Supplied material —
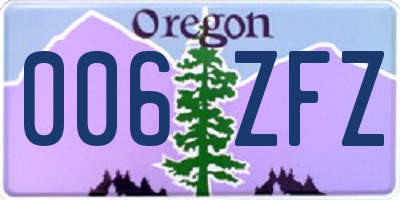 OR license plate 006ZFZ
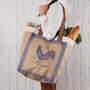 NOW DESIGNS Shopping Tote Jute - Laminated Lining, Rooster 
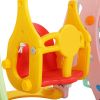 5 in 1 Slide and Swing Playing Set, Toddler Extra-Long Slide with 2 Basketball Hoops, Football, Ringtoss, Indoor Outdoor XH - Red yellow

Problem statement — All of the material should be reproduced exactly, apart from the pictures.

Expected answer —
 OR license plate 006ZFZ
 NOW DESIGNS Shopping Tote Jute - Laminated Lining, Rooster 
 5 in 1 Slide and Swing Playing Set, Toddler Extra-Long Slide with 2 Basketball Hoops, Football, Ringtoss, Indoor Outdoor XH - Red yellow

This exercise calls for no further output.